Scientists in India have achieved a significant breakthrough in treating severe Hemophilia A with a novel gene therapy. The early trial results indicate a potential one-time cure for this rare and debilitating genetic condition. The study, conducted by researchers at the Centre for Stem Cell Research (CSCR) at Christian Medical College, Vellore, and supported by the Union Department of Biotechnology, offers new hope for patients suffering from this condition.
Promising Results from Initial Trial
The first phase trial involved five patients aged between 22 and 41 years. Over an average follow-up period of 14 months, none of the patients reported any bleeding episodes. This is a significant improvement, as individuals with severe Hemophilia A often experience weekly bleeding episodes requiring frequent treatment. The findings were published in the New England Journal of Medicine.

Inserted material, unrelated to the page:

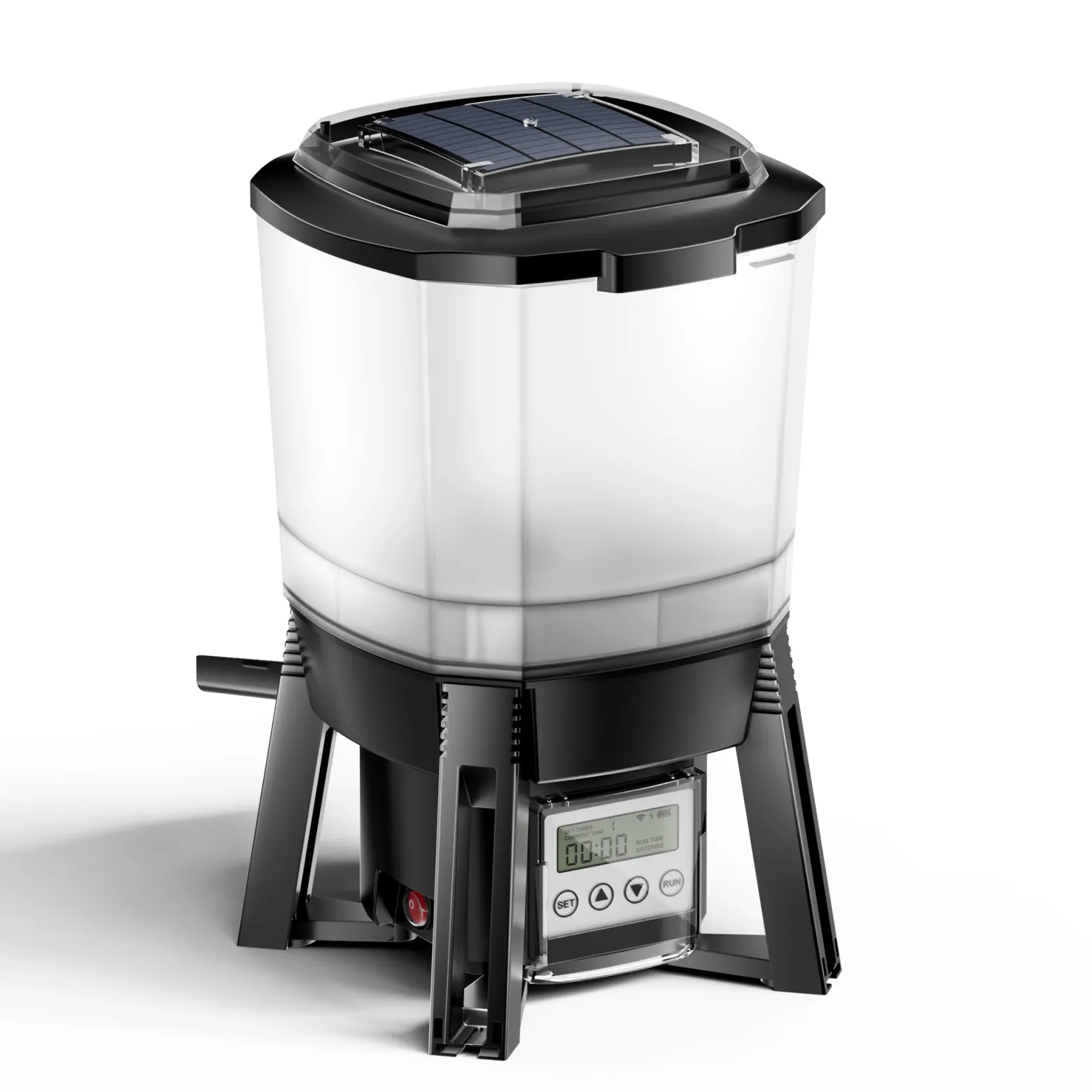 SunSun CFF-206 solarbetriebener Fischfutter Automat, programmierbarer Futterspender mit 6 Liter Behälter für 1 bis 6 Fütterungen pro Tag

Dr. Alok Srivastava, the lead author of the study and head of haematology research unit at St John’s Research Institute, Bengaluru, noted the excellent outcomes observed in median factor-VIII levels during the treatment and follow-up period. Before the therapy, all patients had reported an annualised bleeding rate of at least 20 events.

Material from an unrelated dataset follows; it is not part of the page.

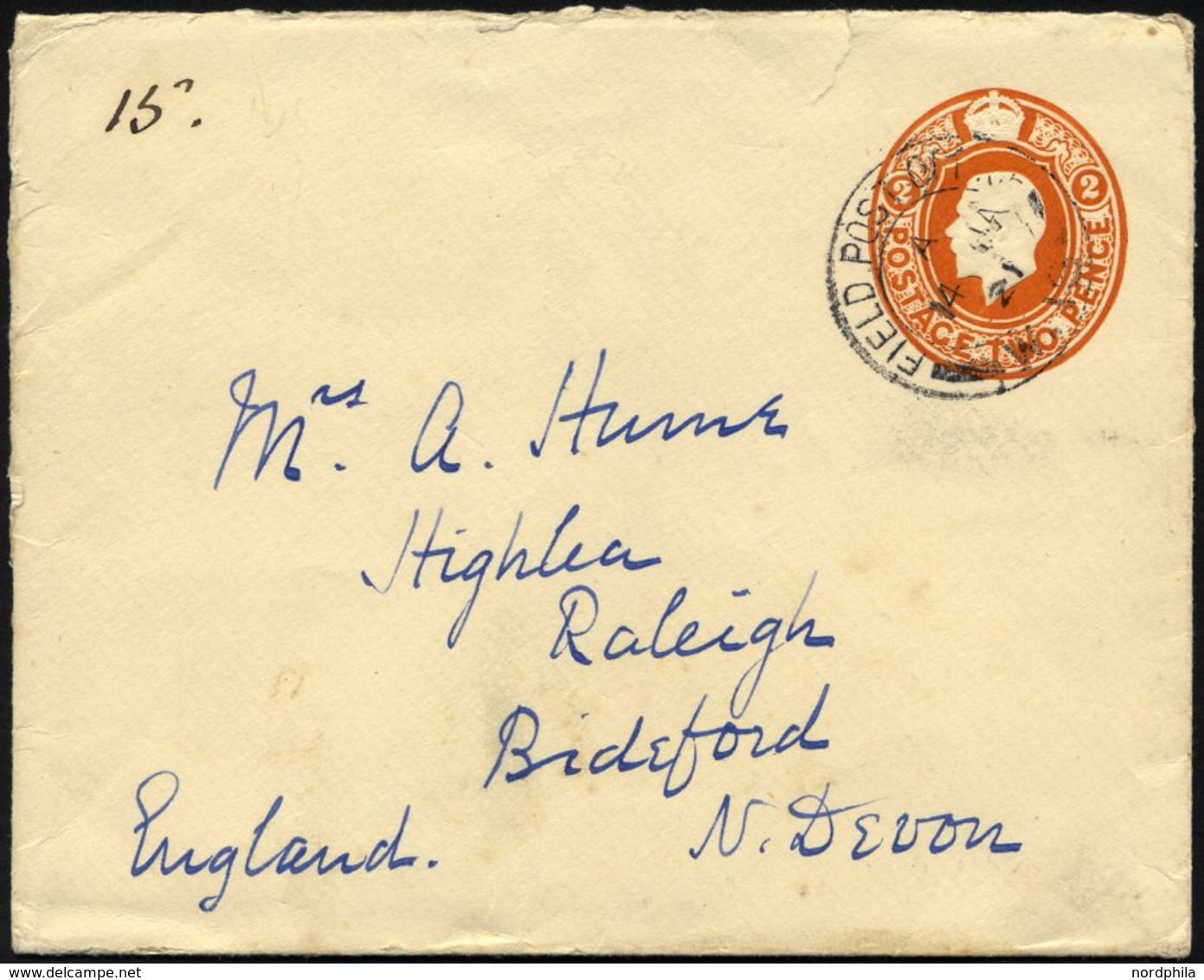 BRITISCHE MILITÄRPOST 1921, 2 P. Orange Ganzsachenumschlag Mit K2 FIELD POST OFFICE/W 16 Nach Brideford/England, Feinst  - Usati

Addressing a Critical Unmet Need
Hemophilia A, the most common form of hemophilia, is caused by the absence of a blood-clotting factor called Factor VIII. Individuals with severe Hemophilia A have less than 1% of this clotting factor, requiring repeated Factor VIII replacement, monoclonal antibodies, or other substances to manage the condition. India has the world’s second-largest Hemophilia patient population, estimated between 40,000 and 100,000 individuals. The cost of treating a hemophiliac in India can be substantial, estimated at $300,000 over a 10-year period.

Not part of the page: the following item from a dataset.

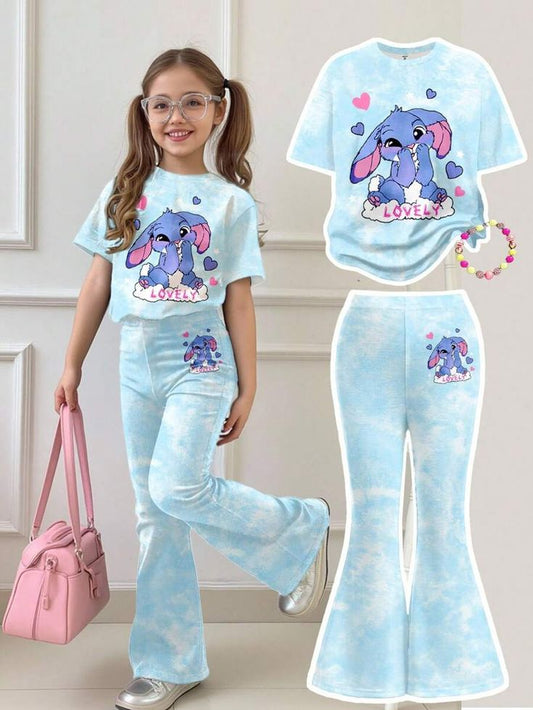 Girl Letter A Print Short Sleeve T-Shirt And Flare Pants Set, Soft And Machine Washable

Lentiviral Vector Approach
The new gene therapy involves extracting stem cells from the patient's blood and using a lentiviral vector to introduce a corrected gene. These modified cells are then transplanted back into the patient, enabling the body to produce Factor VIII autonomously. This approach differs from Roctavian, the only gene therapy approved by the U.S. Food and Drug Administration for commercial use, which uses an adenovirus as a vector and involves the liver in producing Factor VIII. The Indian scientists suggest that using a lentivirus is safer and potentially opens up gene therapy treatment to children.
Potential for Broader Impact
Experts believe this new gene therapy could be a game-changer in haematology treatment globally. It offers a one-time or infrequent intervention compared to conventional treatments that require regular administration of clotting factor concentrates. Successful gene therapy could eliminate the need for scarce and expensive clotting factor concentrates or plasma products. Furthermore, the indigenous development of this therapy could make it more affordable and accessible to patients in resource-constrained settings.
Dr. Rabindra Kumar Jena, a bone marrow transplant physician, stated that the therapy's effectiveness in drastically reducing the frequency and severity of spontaneous bleeding episodes would significantly improve patients' overall quality of life.